От тебя идут всё открытки, и никак не пойму, почему тебе некогда; как будто ты никуда не ходишь и вместе с мальчишками мерзнешь у себя дома. Может быть, очень тебя забрали «молодые», сначала своим нервозом, а потом – своим весельем. До сих пор ты меня не уведомила о «гостях» и прочем; а также не написала, каков оказался итог в банке по завершению минувшего финансового года. Что-то также замолкло с нашими итальянскими наградами. Сегодня получил от Серг[ея] Ив[ановича] телеграмму: «Мною возбуждено ходатайство перед штабом фронта о назначении меня к Вам прошу об этом протелеграфировать генералу Раттелю выезжаю через три дня Соллогуб». Я тотчас же телеграфировал Раттелю, прося поддержать ходатайство Серг[ея] Ив[ановича]. Я боюсь, что все это сделано слишком поздно и может не выгореть, а было бы не худо: я здесь один среди новых и чужих мне людей, и не всем и не все мои порядки могут прийтись по сердцу, а Серг[ей] Иван[ович] – свой человек, и он уже во всяком случае возьмет мою сторону. О моей командировке также пока нет ни слуху, ни духу.

Генюрочке все никак не соберусь написать, но напишу обязательно; так ему и скажи. Пока все, много дел. Последняя открытка твоя от 8.II, и вообще письма от тебя приходят на 9-й день… думал, будет скорее.

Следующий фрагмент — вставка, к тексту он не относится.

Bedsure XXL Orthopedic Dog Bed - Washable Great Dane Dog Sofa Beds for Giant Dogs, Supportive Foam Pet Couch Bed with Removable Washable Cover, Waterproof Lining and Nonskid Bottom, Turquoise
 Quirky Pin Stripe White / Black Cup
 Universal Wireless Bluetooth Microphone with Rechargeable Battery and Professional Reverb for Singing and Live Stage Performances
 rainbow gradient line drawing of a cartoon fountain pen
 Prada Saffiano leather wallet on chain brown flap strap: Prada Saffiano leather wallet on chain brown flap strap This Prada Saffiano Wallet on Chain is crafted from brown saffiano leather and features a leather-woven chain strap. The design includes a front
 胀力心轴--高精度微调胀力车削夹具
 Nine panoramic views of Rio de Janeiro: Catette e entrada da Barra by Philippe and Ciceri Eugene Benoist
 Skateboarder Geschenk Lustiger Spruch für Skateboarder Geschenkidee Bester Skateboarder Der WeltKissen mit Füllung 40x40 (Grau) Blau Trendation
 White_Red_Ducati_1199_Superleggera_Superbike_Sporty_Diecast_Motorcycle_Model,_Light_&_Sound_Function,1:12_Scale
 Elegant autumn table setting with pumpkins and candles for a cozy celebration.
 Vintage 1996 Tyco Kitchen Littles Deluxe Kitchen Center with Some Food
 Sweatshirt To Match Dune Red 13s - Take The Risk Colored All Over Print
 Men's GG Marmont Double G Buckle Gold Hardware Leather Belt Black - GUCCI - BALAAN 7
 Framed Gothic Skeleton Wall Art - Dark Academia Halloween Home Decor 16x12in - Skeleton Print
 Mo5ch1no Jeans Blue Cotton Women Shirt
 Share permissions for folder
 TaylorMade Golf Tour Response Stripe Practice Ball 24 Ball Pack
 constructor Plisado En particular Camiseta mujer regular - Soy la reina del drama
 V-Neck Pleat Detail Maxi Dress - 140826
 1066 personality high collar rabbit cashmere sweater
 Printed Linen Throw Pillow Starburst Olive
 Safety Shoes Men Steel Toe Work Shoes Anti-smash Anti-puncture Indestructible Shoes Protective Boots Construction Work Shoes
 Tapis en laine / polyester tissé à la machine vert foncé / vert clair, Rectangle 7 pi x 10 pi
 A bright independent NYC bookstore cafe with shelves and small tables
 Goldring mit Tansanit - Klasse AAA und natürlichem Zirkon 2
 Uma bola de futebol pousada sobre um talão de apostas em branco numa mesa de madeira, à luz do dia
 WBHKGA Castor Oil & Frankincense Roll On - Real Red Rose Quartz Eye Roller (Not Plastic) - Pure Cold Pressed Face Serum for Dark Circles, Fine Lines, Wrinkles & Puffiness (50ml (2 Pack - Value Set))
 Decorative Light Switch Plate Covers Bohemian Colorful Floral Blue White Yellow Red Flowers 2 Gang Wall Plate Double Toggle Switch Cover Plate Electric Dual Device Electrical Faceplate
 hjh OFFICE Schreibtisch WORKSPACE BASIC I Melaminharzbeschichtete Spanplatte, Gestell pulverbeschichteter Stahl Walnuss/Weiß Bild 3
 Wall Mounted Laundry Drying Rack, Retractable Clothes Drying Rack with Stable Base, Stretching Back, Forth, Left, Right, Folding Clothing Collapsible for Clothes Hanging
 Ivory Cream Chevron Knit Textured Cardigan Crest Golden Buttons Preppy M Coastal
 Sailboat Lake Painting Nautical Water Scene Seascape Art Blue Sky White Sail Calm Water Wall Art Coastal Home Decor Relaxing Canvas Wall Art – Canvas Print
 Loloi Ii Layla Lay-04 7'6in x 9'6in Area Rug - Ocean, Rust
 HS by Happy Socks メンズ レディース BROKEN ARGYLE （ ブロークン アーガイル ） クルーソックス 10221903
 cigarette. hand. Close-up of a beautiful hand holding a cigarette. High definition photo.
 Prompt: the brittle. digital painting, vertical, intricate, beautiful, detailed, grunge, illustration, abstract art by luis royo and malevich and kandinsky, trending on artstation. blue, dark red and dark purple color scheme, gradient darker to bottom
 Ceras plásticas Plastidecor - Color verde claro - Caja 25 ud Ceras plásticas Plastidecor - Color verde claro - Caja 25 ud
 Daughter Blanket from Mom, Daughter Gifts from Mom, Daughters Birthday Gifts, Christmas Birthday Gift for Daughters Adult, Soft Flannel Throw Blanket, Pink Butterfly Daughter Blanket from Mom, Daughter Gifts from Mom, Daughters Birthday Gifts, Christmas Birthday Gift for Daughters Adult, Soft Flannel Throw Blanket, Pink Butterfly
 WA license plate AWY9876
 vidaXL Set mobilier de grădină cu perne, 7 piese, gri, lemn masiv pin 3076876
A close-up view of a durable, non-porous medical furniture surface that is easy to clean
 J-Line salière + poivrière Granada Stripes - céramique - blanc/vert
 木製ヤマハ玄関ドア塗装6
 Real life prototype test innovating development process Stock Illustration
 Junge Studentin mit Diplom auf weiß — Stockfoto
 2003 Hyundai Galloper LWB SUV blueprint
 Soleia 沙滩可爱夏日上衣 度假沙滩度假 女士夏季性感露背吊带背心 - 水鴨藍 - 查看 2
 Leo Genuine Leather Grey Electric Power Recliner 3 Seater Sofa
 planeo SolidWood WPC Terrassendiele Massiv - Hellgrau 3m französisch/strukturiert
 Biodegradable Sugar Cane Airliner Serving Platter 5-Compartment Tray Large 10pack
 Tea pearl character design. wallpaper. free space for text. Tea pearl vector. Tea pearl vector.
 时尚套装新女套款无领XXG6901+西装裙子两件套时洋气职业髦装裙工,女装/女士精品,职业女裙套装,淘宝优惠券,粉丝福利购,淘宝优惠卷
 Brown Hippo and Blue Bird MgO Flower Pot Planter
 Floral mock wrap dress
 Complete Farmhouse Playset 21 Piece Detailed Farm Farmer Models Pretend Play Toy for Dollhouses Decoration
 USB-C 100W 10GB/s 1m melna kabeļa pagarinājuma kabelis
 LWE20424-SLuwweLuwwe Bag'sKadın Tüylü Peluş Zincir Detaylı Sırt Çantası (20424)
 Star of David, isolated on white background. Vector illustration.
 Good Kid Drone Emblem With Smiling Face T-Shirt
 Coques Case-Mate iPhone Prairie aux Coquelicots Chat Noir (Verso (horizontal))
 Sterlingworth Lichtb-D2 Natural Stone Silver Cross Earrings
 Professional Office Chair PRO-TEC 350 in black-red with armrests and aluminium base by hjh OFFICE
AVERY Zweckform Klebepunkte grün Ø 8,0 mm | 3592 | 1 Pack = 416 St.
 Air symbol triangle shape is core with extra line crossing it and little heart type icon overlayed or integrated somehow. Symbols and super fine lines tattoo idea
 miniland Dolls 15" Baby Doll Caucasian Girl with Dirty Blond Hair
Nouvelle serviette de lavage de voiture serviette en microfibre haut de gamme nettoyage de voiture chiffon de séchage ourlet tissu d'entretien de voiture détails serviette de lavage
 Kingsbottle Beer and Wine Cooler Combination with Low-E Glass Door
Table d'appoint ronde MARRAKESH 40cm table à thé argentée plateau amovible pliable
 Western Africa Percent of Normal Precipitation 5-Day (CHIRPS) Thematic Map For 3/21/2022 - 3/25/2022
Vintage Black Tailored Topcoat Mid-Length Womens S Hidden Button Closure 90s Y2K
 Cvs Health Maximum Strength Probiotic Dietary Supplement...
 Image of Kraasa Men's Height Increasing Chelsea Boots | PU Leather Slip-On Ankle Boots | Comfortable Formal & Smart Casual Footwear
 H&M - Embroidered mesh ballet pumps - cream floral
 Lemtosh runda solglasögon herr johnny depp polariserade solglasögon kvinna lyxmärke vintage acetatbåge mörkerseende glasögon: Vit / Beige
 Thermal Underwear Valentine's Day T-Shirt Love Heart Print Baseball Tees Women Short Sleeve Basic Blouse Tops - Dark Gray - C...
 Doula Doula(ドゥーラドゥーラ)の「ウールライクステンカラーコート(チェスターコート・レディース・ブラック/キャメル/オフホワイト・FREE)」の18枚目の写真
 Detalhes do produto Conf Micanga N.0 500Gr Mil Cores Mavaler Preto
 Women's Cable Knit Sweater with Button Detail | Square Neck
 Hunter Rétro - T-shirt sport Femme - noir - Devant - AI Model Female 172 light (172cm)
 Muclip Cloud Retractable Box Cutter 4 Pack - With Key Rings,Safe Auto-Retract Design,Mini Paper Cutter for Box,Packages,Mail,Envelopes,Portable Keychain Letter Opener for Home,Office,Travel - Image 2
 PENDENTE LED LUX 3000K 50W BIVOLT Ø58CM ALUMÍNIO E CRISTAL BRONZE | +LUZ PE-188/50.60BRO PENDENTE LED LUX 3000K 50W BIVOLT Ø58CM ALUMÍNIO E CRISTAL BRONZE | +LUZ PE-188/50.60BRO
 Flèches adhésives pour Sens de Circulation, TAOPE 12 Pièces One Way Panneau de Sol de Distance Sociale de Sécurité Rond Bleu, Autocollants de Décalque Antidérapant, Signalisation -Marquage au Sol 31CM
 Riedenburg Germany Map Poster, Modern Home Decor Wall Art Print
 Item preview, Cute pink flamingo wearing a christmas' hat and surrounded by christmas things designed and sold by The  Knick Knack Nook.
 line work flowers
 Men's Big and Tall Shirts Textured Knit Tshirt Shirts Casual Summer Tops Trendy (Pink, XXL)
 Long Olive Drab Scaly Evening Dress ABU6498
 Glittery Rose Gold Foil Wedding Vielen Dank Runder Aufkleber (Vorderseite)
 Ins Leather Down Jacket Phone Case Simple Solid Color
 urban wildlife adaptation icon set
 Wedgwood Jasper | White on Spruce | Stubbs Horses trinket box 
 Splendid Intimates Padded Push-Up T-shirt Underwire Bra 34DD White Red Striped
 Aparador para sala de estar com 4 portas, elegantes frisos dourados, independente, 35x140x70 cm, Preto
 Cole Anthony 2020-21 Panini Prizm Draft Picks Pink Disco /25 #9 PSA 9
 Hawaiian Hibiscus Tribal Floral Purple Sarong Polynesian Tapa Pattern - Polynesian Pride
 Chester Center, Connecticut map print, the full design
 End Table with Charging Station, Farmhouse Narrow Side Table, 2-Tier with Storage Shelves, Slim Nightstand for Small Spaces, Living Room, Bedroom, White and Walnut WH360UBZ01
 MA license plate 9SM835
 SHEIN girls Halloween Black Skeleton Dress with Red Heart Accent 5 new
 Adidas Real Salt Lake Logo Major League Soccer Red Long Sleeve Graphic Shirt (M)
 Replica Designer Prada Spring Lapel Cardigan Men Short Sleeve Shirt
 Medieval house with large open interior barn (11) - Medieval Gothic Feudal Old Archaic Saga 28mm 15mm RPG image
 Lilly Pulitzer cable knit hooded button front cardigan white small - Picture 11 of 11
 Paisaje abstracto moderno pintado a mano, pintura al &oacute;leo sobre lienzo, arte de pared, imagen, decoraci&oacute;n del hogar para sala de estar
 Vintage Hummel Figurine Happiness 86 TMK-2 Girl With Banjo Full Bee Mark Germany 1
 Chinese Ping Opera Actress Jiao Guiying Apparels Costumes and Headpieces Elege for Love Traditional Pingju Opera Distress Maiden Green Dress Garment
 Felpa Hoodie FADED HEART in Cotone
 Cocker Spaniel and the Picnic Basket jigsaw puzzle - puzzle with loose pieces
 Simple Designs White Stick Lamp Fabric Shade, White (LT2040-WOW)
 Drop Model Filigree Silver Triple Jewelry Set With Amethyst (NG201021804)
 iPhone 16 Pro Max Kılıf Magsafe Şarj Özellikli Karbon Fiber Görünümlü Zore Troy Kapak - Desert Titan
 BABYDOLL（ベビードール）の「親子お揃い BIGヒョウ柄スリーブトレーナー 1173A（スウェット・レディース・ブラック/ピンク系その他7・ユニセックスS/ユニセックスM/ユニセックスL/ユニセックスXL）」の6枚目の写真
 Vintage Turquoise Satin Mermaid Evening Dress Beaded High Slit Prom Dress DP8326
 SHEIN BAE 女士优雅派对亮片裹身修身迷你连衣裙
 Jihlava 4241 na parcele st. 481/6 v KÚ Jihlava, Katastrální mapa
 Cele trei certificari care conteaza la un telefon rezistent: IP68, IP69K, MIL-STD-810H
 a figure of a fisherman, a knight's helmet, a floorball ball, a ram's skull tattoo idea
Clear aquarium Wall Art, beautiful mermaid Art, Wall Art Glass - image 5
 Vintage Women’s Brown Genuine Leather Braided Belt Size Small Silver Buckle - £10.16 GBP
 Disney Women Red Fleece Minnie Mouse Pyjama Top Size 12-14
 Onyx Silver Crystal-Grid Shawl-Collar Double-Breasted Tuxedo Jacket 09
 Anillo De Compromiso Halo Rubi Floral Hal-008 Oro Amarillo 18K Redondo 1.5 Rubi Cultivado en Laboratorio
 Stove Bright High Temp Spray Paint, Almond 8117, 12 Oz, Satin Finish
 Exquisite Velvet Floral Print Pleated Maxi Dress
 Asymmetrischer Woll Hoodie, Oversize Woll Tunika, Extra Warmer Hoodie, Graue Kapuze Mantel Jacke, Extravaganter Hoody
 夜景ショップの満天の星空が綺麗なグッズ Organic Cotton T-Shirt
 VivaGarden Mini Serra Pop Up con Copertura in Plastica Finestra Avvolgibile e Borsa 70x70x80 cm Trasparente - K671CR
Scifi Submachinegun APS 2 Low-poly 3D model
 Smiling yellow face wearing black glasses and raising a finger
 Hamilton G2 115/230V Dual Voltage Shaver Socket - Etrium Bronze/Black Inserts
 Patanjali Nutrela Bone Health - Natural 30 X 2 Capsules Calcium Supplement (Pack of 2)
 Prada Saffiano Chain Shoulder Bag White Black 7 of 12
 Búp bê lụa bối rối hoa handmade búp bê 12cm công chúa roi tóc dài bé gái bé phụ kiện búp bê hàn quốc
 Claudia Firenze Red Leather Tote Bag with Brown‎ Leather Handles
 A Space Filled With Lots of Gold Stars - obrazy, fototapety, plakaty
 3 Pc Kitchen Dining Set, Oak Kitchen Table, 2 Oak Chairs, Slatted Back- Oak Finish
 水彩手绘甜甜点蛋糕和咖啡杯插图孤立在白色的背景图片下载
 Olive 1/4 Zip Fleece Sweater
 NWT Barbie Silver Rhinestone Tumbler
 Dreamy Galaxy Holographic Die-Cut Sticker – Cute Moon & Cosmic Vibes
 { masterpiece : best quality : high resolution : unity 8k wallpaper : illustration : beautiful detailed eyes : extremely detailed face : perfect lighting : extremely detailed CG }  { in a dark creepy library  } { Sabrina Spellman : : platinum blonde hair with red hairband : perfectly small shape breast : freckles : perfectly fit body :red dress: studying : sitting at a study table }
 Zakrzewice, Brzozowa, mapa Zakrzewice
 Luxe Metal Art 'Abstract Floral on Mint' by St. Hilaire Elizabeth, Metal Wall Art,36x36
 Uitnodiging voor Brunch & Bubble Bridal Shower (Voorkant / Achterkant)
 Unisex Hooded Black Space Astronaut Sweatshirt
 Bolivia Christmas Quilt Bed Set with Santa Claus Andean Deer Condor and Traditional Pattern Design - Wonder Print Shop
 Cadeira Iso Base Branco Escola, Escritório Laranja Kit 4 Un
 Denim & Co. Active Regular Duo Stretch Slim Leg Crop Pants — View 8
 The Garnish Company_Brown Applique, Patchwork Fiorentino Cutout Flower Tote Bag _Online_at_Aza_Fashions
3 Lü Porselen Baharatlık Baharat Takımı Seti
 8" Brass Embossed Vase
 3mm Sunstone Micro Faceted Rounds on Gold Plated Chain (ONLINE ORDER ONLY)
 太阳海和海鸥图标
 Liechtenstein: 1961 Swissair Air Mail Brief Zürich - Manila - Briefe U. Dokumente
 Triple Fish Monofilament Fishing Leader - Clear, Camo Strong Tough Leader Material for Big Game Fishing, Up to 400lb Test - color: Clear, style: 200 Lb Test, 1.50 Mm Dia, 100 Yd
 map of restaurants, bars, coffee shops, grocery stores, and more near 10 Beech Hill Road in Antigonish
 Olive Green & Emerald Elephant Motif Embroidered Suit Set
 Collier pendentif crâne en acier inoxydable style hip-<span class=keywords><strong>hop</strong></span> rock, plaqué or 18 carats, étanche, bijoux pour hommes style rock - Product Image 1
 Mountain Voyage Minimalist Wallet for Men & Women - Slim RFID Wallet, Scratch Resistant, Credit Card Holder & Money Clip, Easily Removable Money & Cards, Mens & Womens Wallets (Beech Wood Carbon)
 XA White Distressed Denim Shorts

Давай, моя голубка славная, твои губки и глазки, а также наших малых цыплят, я вас всех обниму, расцелую и благословлю.

Ваш отец и муж Андрей.

Целуй папу, маму и Каю. А.

19 февраля 1917 г.

Дорогая моя женушка!

Пишу тебе наскоро из нашей корпусной почтовой конторы, куда я приехал, чтобы с начальником обсудить некоторые вопросы. Пролетел 16 вер[ст] на автомобиле минут 20–25, лицо охватило морозом, и я разом отошел от своей сидячей жизни. Посылаю Осипу «Удостоверение № 2156». Чувствую себя неплохо, но слишком занят, так что не могу даже позволять себе прогулки, которые раньше делал ежедневно. Игнат тщетно напоминает мне о них каждый раз. От тебя, кроме последней открытки от 8.II, ничего не получал; от Осипа получил вчера целую Иеримиаду от 11.II (значит, нет трех твоих писем 9–11 февраля), которая мне ясно обрисовала его протекшие испытания; и на каждой из его грустных страниц, как венец тревог, стоит вывеска «Татьяна Ефанова». Да, Татьяна из Проскуряко[во]й стала Ефановой, но Осип-то остался все тем же Ефановым, за которым первая его супруга гонялась не то с револьвером, не то с поленом. Генюрка меня очень тронул своими двумя письмами. Целуй его крепче. Спешу. Давай твои глазки и губки, а также наших малых, я вас всех обниму, расцелую и благословлю.

Ваш отец и муж Андрей.

Целуй папу, маму, Каю. А.

20 февраля 1917 г.

Дорогая моя голубка женушка!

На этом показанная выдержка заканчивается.